Vance hat nicht unbedingt Unrecht, wenn er behauptet, dass die Kluft zwischen den wenigen, die in Washington Macht und Komfort genießen, und dem Rest seit Jahrzehnten wächst. Dass er sich selbst rhetorisch auf der Seite des "Restes" verortet, mag den einen wie blanker Hohn vorkommen, andere dürften sich zumindest verstanden fühlen.

Die Neue Rechte der USA

Der Grund für diese verwirrend anmutende Gemengelage politischer Meinungen: J.D. Vance ist ein Vertreter der "New Right", einer bunt zusammengewürfelten Gruppe konservativer Intellektueller und Aktivisten.

Die Gruppe stimmt in politischen Fragen weitgehend mit Trump überein. Sie teilen Trumps Wirtschaftsnationalismus, seine strikte Ablehnung jeglicher Einwanderung, seine Skepsis gegenüber dem militärischen Engagement der USA im Ausland und unterstützen ihn bei der Eskalation des Kulturkampfes im eigenen Land.
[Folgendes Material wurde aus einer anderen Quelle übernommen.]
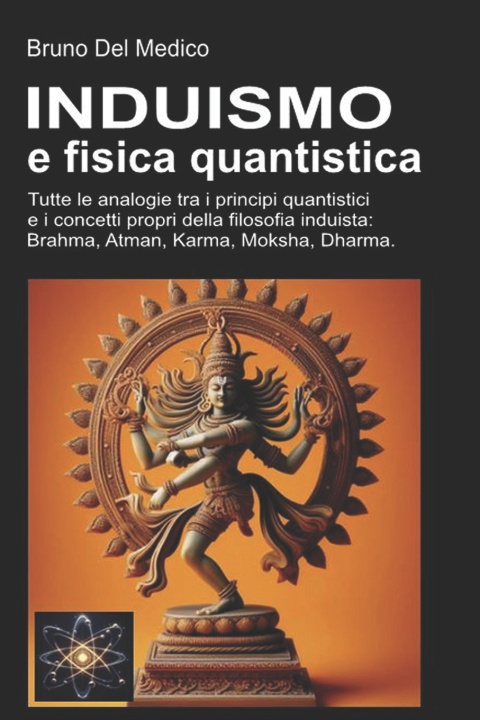 Kniha Induismo e teoria quantistica Bruno Del Medico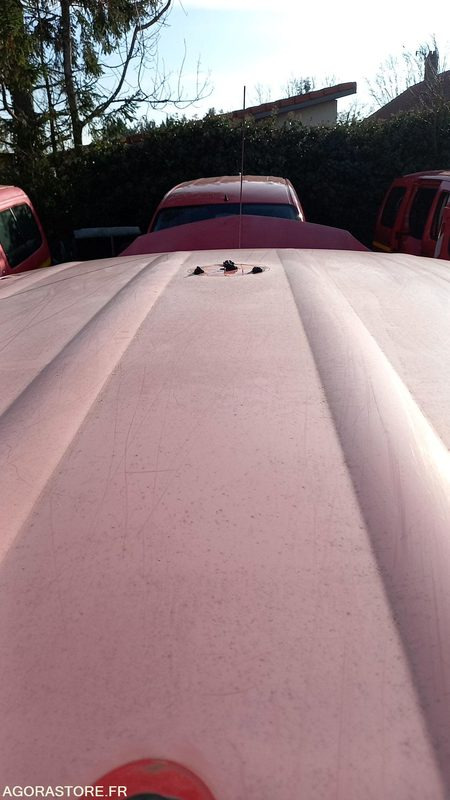 فان المدمجة RENAULT - KANGOO - 2010 - 204978KM - AX498CA: صورة 6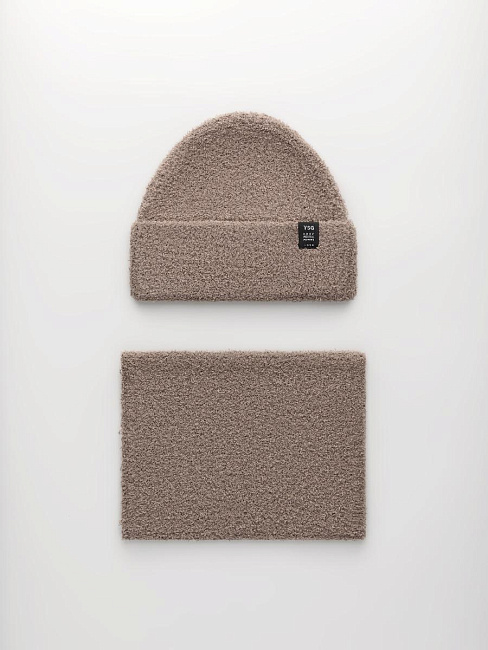 Комплект двойной с шерстью мериноса ESW 24184 к-т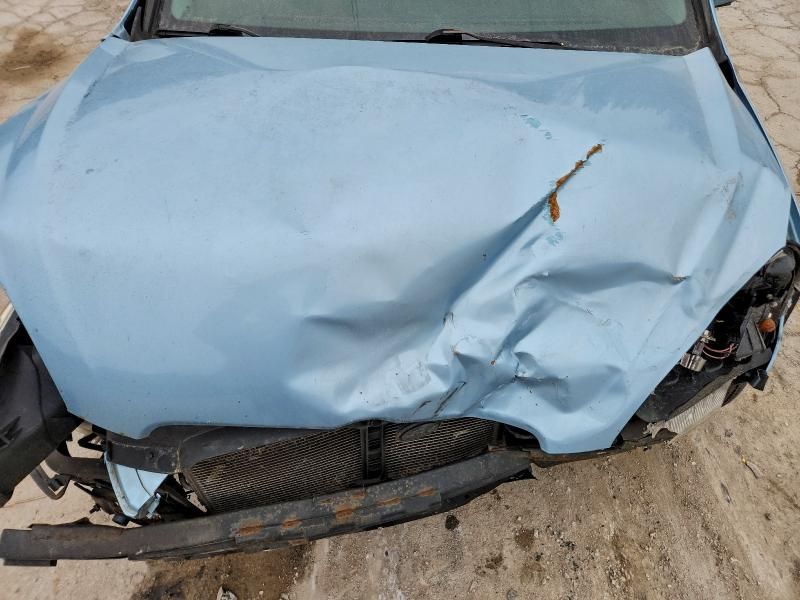 2008 Hyundai Accent gs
Die Begründung ihres politischen Programms verortet die Neue Rechte jedoch in eher obskuren intellektuellen Quellen der Internetkultur, darunter die Schriften von Peter Thiels Hausphilosophen Curtis Yarvin.

Trotz ihrer Anfänge als rechte Internetphilosophie hat die New Right einen weitreichenden Geltungsanspruch und wird deshalb von einigen ihrer wichtigsten Vertreter sogar als New Center bezeichnet.

Die ehemalige Randgruppe strebt danach, zu einer breiteren politischen Koalition zu werden, die einen arbeitnehmerfreundlichen Kurs verfolgt und sogar die Gewerkschaften mit ins Boot holen will.

Vielleicht hat dieses neue arbeiterfreundliche Klima-Teamster-Chef Sean O’Brien zum Parteitag der Republikaner gelockt. Wahrscheinlicher ist jedoch, dass die Gewerkschaften die Demokraten daran erinnern wollen, dass ihre Unterstützung auf Gegenleistungen beruht.

Aussichten

Die Zeit bis zu den Wahlen im November dürfte kaum ausreichen, um die New Right unter der Führung von J.D. Vance zu einer breiten politischen Massenbewegung werden zu lassen. Es ist auch fraglich, inwieweit J.D. Vance überhaupt Einfluss auf seinen direkten Vorgesetzten hätte.

Wahrscheinlicher ist, dass sich Vance bedingungslos den Launen seines Vorgesetzten unterwerfen muss, denn Trump hat keine wirklichen politischen Überzeugungen. Für ihn zählt nur Loyalität, was in Trumps Welt bedingungslosen Gehorsam bedeutet.

Vance hingegen hat immer wieder bewiesen, dass er sich anpassen, ja sogar verbiegen kann, wenn es seiner Karriere dient. Bei den Demokraten ist noch alles offen.

Kamala Harris hatte bisher nicht einmal Zeit, einen Running Mate zu bestimmen.